Mas custa a crer que
tantos não tenham entendido que a morte provocada de uma pessoa no estado
embrionário, fetal, recém-nascida, criança, adolescente, adulta, anciã,
saudável, enferma, deficiente ou moribunda constitui, objectivamente, um
assassinato. E que a gravidade de tal acto se torna tanto maior quanto mais
vulnerável é a pessoa eliminada. Por isso, como lembra o Beato João Paulo II, o
Vaticano II designa como crimes abomináveis quer o infanticídio quer o aborto.
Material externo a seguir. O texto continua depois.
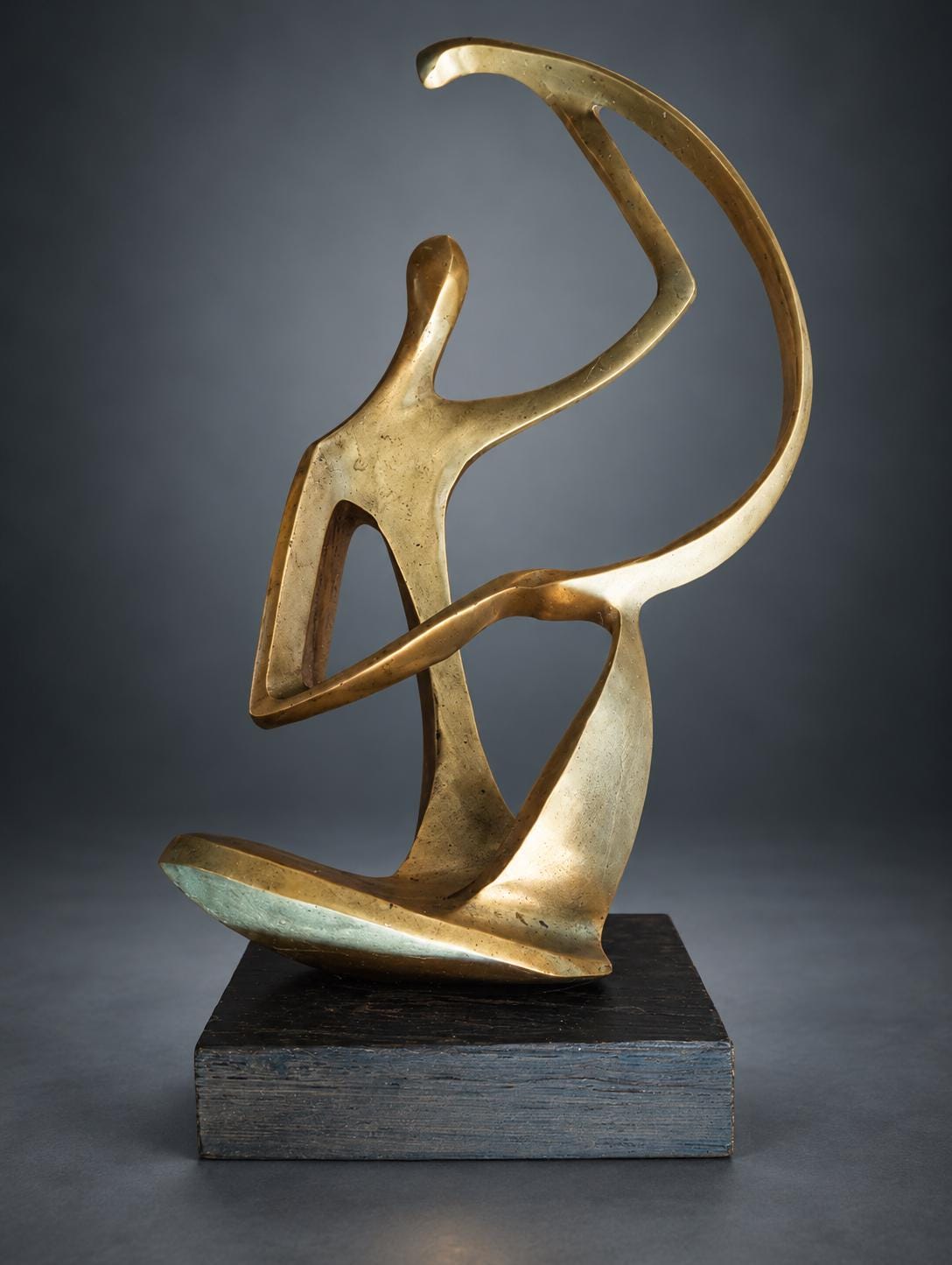 Patinated Metal Sculpture of a Harpist, Abstract Figural Form, Hagenauer Werkstätte Style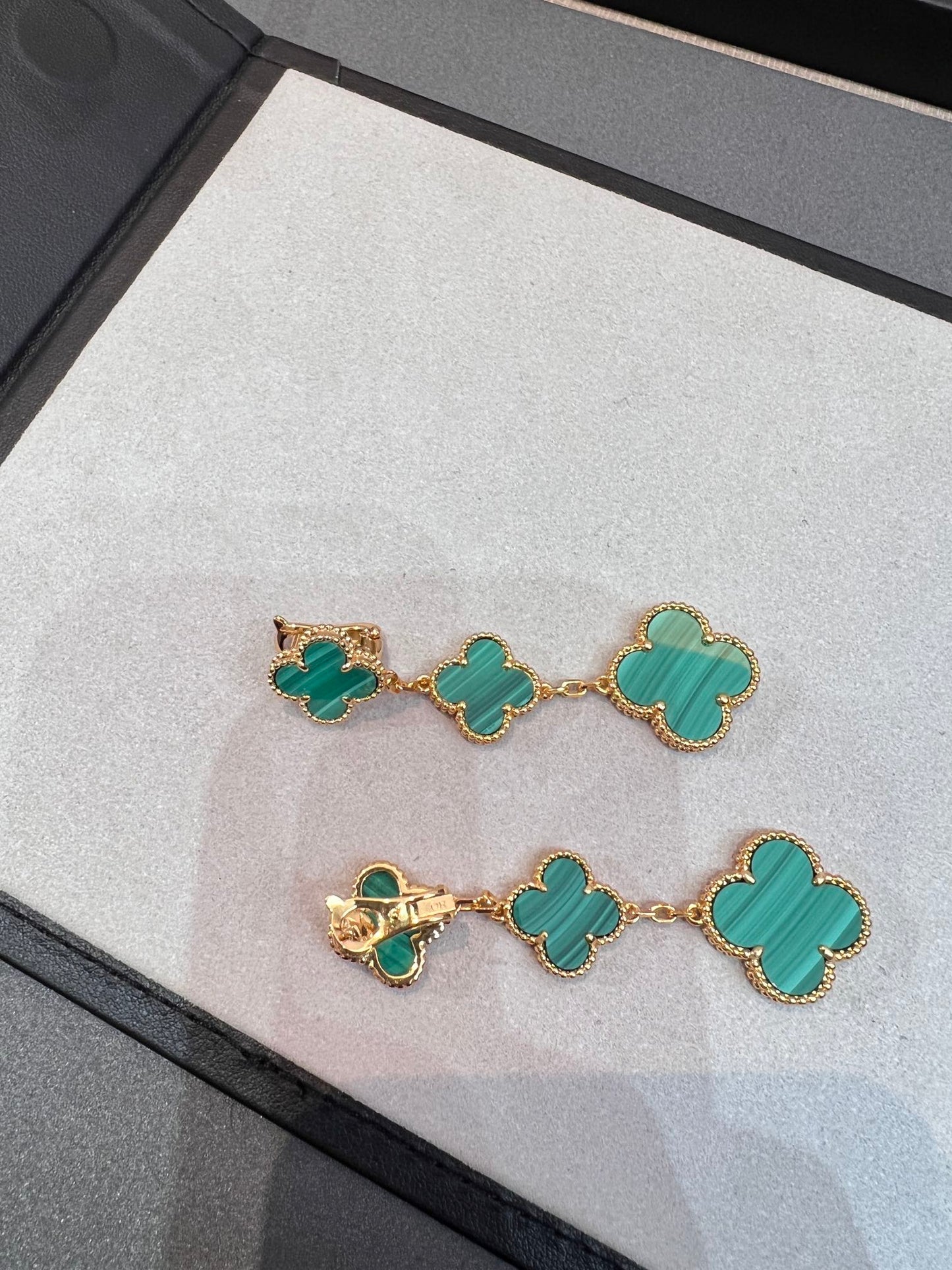 [ELAN LUXE]CLOVER MALACHITE 3 MOTIFS GOLD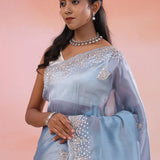 Dark Pastel Blue Organza Tissue Saree With Scallop Border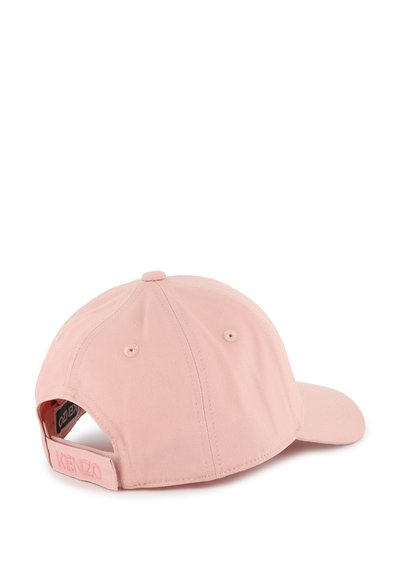 Pink baseball cap made of cotton with a rounded crown, curved brim, and logo accent on the back strap. Features stitched eyelets for breathability.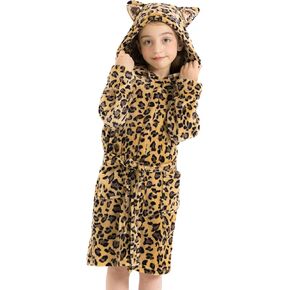 ACTLATI Leopard Cat Fleece Hooded Robe for Girls, Plush Bathrobe With Pockets for 3-12 Years Kids Birthday Christmas Gifts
Mas, para que entendamos bem não somente a semelhança entre um e outro, mas
também a diferença no grau de gravidade logo afirma sem titubeações: «A gravidade moral do aborto provocado
aparece em toda a sua verdade, quando se reconhece que se trata de um homicídio
e, particularmente, quando se consideram as circunstâncias específicas que o
qualificam. A pessoa eliminada é um ser humano que começa a desabrochar para a
vida, isto é, o que de mais inocente, em absoluto, se possa imaginar: nunca
poderia ser considerado um agressor, menos ainda um injusto agressor! É frágil,
inerme (indefeso, desarmado), e numa medida tal que o deixa privado inclusive
daquela forma mínima de defesa constituída pela força suplicante dos gemidos e
do choro do recém-nascido. Está totalmente entregue à protecção e aos cuidados
daquela que o traz no seio. E todavia, às vezes, é precisamente ela, a mãe,
quem decide e pede a sua eliminação, ou até a provoca.» (João Paulo II,
Evangelium vitae, 58). Daqui a conclusão: «De
entre todos os crimes que o homem pode realizar contra a vida, o aborto
provocado apresenta características que o tornam particularmente perverso e
abominável.» (Idem). Torno a repetir, como já o fiz num texto anterior, que
isto foi escrito por um Papa que antes de o ser passou pelos terrores e
horrores quer do nazismo quer do comunismo.
Constitui para mim
uma enorme perplexidade como, aqui em Portugal, se branqueia e se censura esta
Encíclica que João Paulo II considerava central no seu Magistério: «Desejo, antes de tudo, agradecer … o facto
de terem pensado e organizado esta Jornada comemorativa do quinto aniversário
da publicação da Encíclica Evangelium vitae. … Documento, que considero
central no conjunto do Magistério do meu Pontificado (sublinhado meu) e em
ideal continuidade com a Encíclica Humanae vitae do Papa Paulo VI, de venerada
memória.» (João Paulo II, Discurso no 5º aniversário da Evangelium Vitae).
Quantas
conferências, entrevistas, palestras, reportagens, livros sobre este Papa e o
seu Pontificado, realizadas pelas mais graúdas sumidades da Igreja em Portugal
e nem uma palavra, uma referência, uma atenção a este ponto nuclear do seu
Magistério. A Humanae vitae e a Evangelium vitae geram paralisia mental nesses
Prelados e Fiéis Leigos subidamente qualificados.
Em verdade vos digo
que a não haver intervenção Divina não tardará muito a termos professores na
ucp (universidade católica portuguesa) e comentadores na rr (rádio renascença)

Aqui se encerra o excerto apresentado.